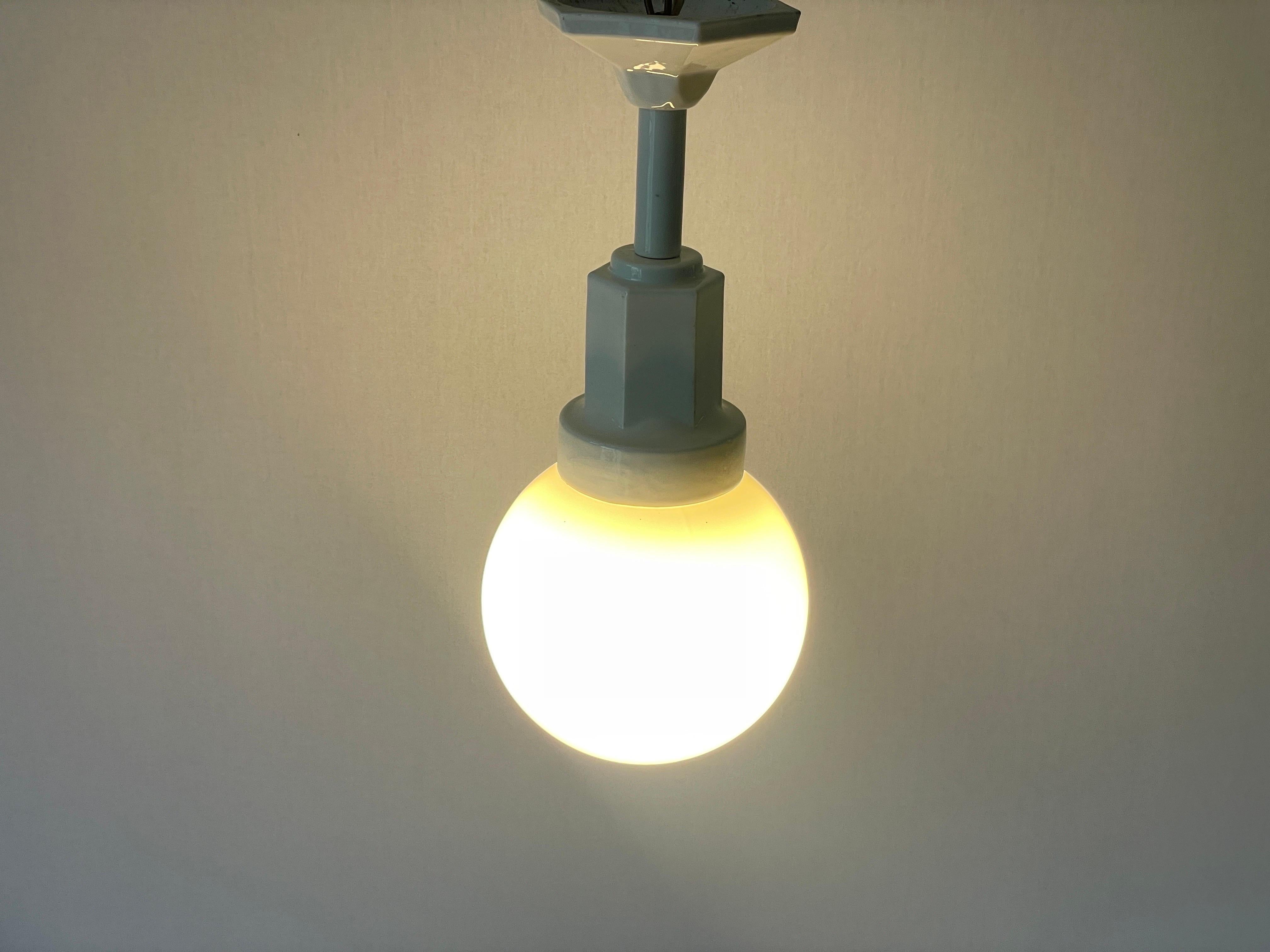Art Deco Glass Ball and White Ceramic Body Pendant Lamp, 1950s, Italy For Sale 6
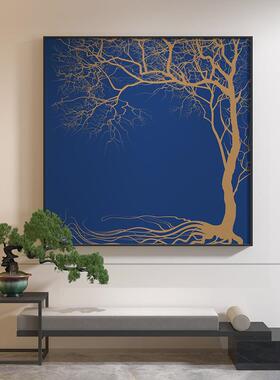 新中式装饰画绿色简约抽象山水轻奢客厅玄关国风壁画方形餐厅挂画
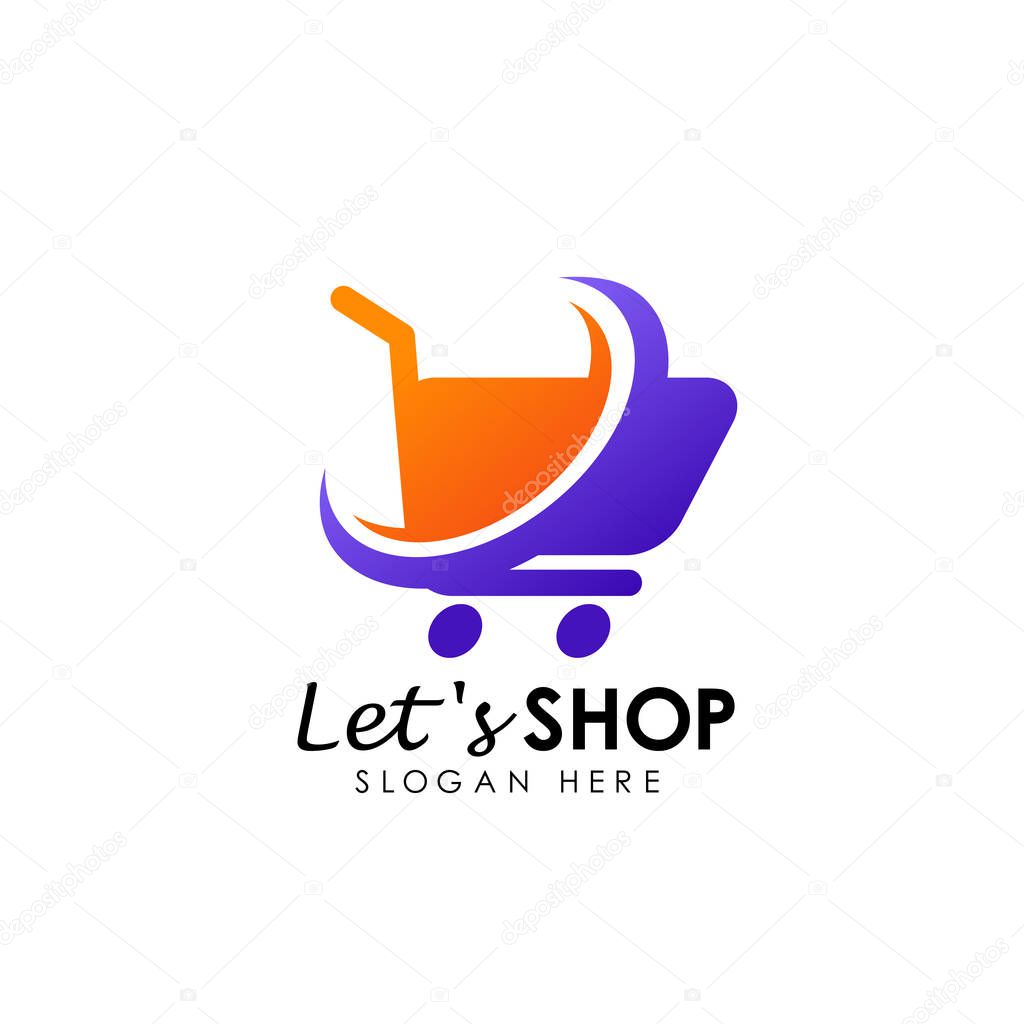 Lets shopping logo design template. shop icon design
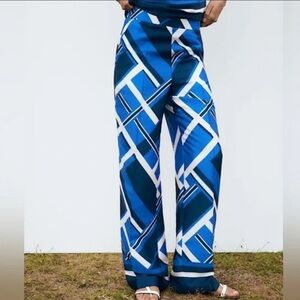 Zara GEOMETRIC PRINT PANTS multicolored bloggers favorite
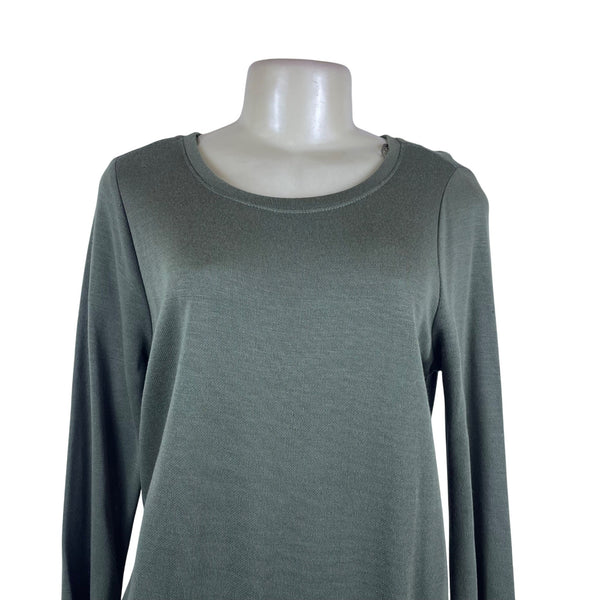 Context Women's Olive Long Sleeve Asymmetrical Hem Blouse Size M - New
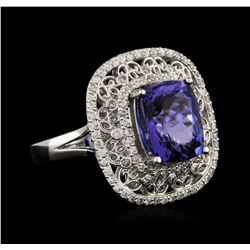 14KT White Gold 5.29ct Tanzanite and Diamond Ring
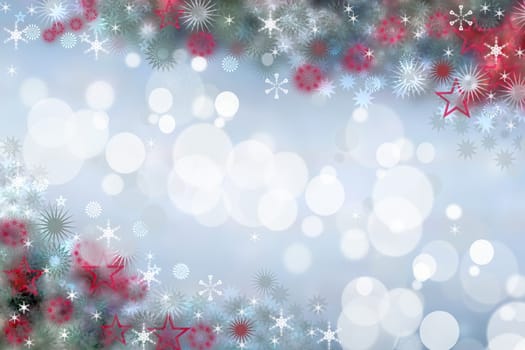 Chrisrmas card template. Abstract festive elegant red green blue white glittering greeting card with christmas stars, balls and lights. Beautiful backdrop with space.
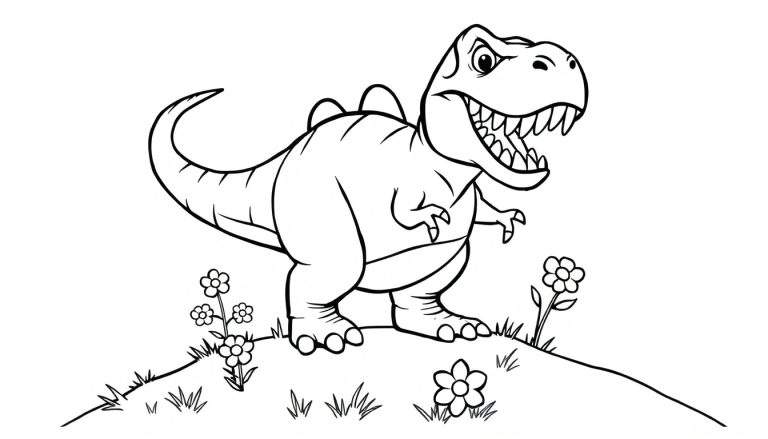 Un dinosaurio de dibujos animados de color verde con dientes afilados y grandes ojos, de pie en una colina cubierta de flores y hierba. Las líneas son gruesas y sencillas, ideales para colorear.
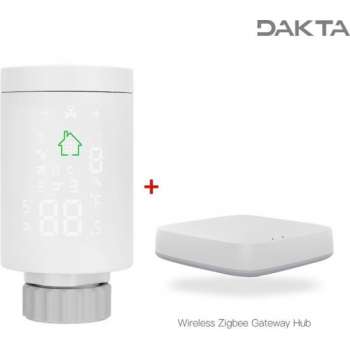 Dakta® Slimme radiatorkop | Incl. gateway | Werkt met Alexa | Draadloos | Aansturen via app | Thermostaat | Smart knop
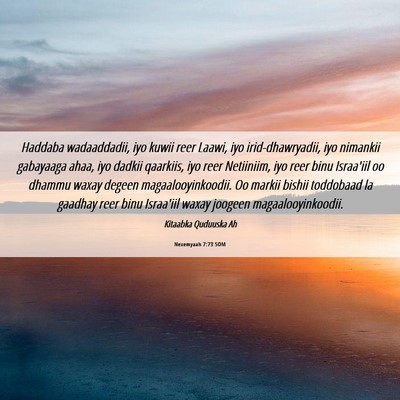 Picture 06 - Nexemyaah 7:73 SOM - Haddaba wadaaddadii, iyo kuwii reer Laawi, iyo - Bible Verse Picture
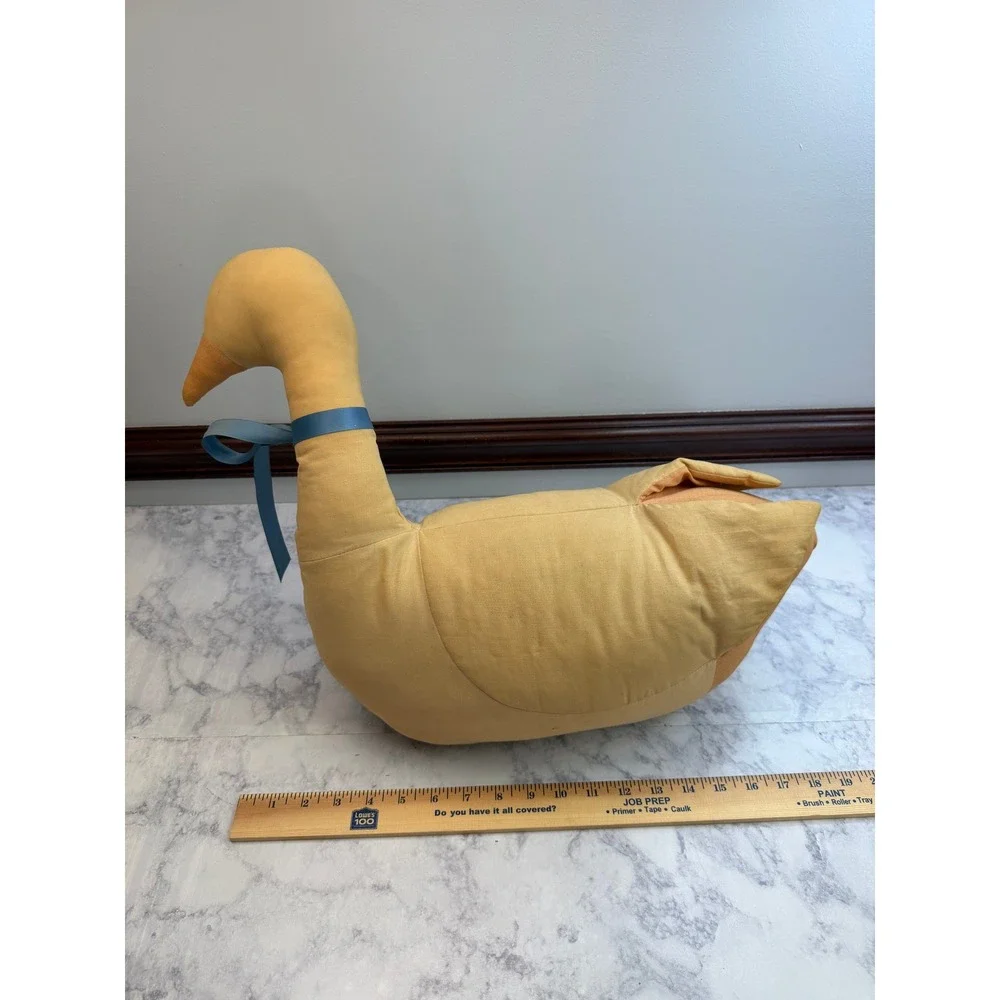 Vintage Fabric Goose Plush Decorative Pillow Doorstop Yellow Farmhouse Decor 17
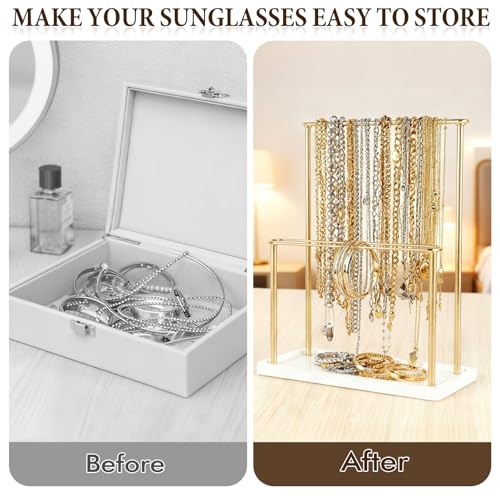Sunglasses Organizer Holder Stand, Eyeglasses Display ,Gold Storage Rack | Wood Base, for 28 Pairs of Eyewear, 2 Tier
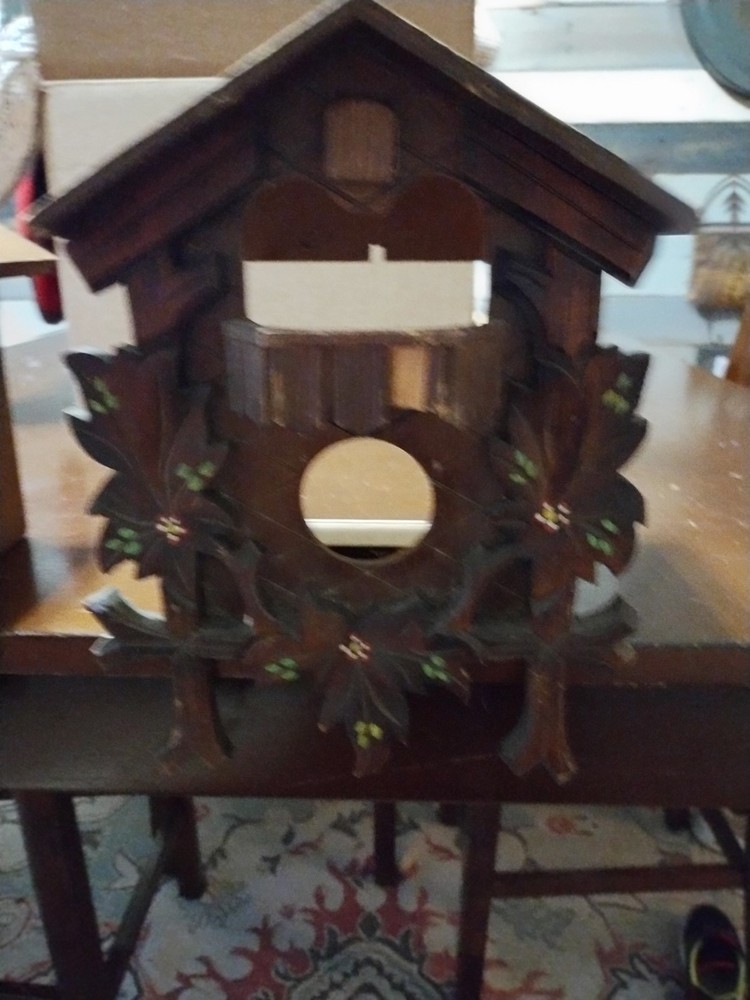 (2) Cuckoo Clock Shells, Vintage Germany, Black Forest Theme , Vintage Chains...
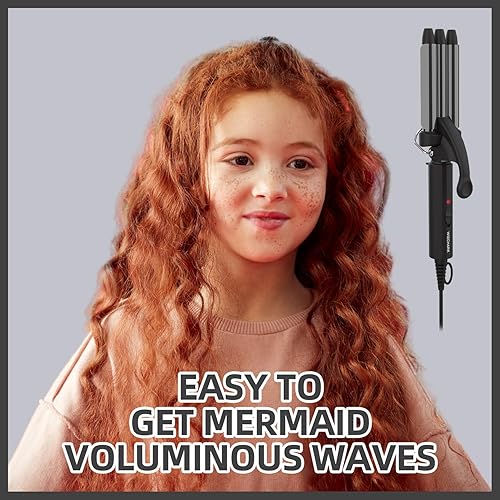 Miniatura 4 de Wizchark Rizador de pelo pequeño, rizador de ondas de playa de 12 pulgada, mini ondulador de pelo para cabello corto y largo, rizador de 3 barriles,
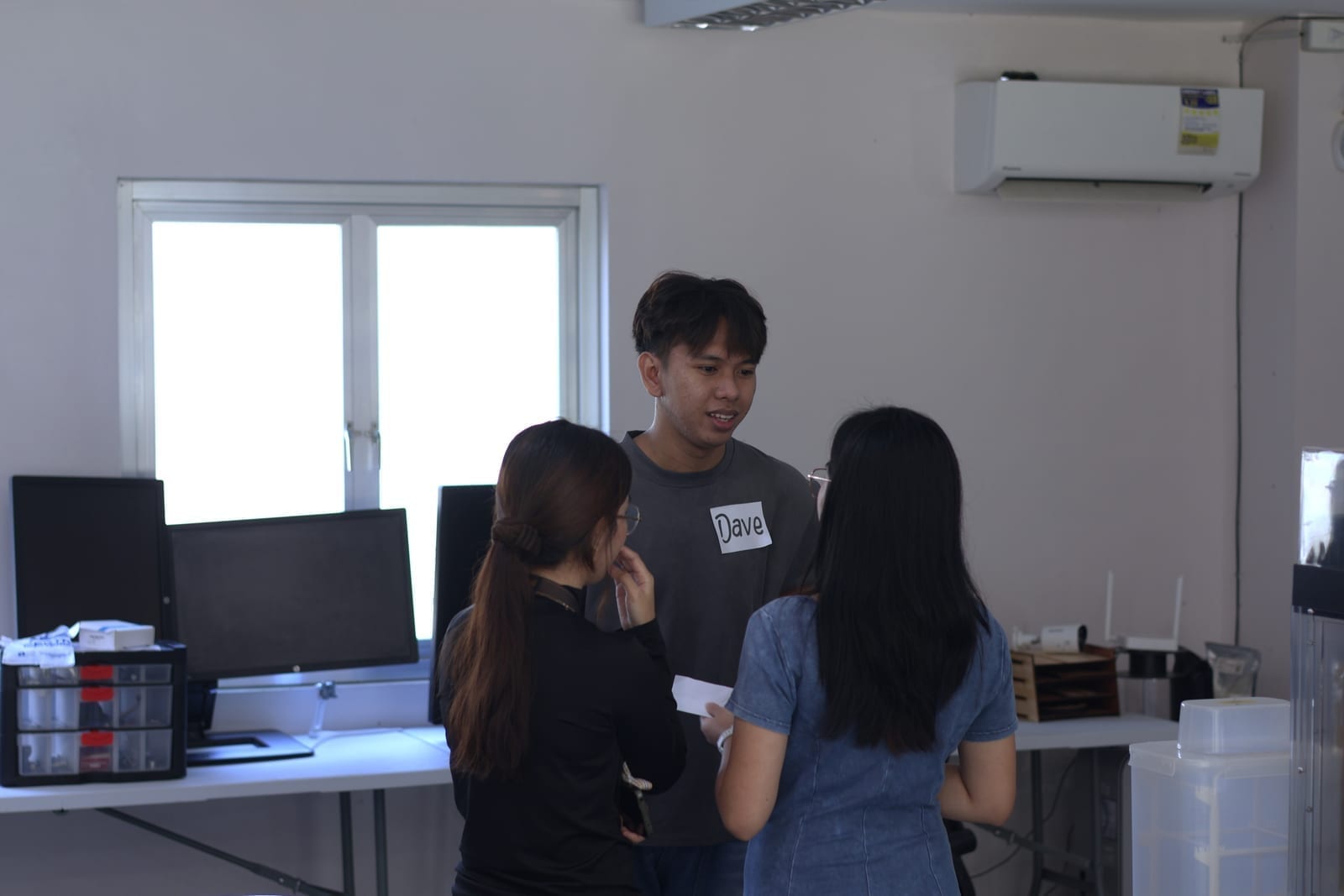 Interns discussing ideas during the onboarding activity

_Problem requirements_
Set down the material exactly, every line of it, except for the pictures.

_Solution to the problem_
Art Deco Glass Ball and White Ceramic Body Pendant Lamp, 1950s, Italy For Sale 6
 新中式装饰画绿色简约抽象山水轻奢客厅玄关国风壁画方形餐厅挂画
 Lets shopping logo design template. shop icon design
 Zara GEOMETRIC PRINT PANTS multicolored bloggers favorite
 Context Women's Olive Long Sleeve Asymmetrical Hem Blouse Size M - New
 14KT White Gold 5.29ct Tanzanite and Diamond Ring
 Chrisrmas card template. Abstract festive elegant red green blue white glittering greeting card with christmas stars, balls and lights. Beautiful backdrop with space.
 Un dinosaurio de dibujos animados de color verde con dientes afilados y grandes ojos, de pie en una colina cubierta de flores y hierba. Las líneas son gruesas y sencillas, ideales para colorear.
 Dakta® Slimme radiatorkop | Incl. gateway | Werkt met Alexa | Draadloos | Aansturen via app | Thermostaat | Smart knop
 Picture 06 - Nexemyaah 7:73 SOM - Haddaba wadaaddadii, iyo kuwii reer Laawi, iyo - Bible Verse Picture
 Vintage Fabric Goose Plush Decorative Pillow Doorstop Yellow Farmhouse Decor 17
Sunglasses Organizer Holder Stand, Eyeglasses Display ,Gold Storage Rack | Wood Base, for 28 Pairs of Eyewear, 2 Tier
 (2) Cuckoo Clock Shells, Vintage Germany, Black Forest Theme , Vintage Chains...
 Miniatura 4 de Wizchark Rizador de pelo pequeño, rizador de ondas de playa de 12 pulgada, mini ondulador de pelo para cabello corto y largo, rizador de 3 barriles,
 Interns discussing ideas during the onboarding activity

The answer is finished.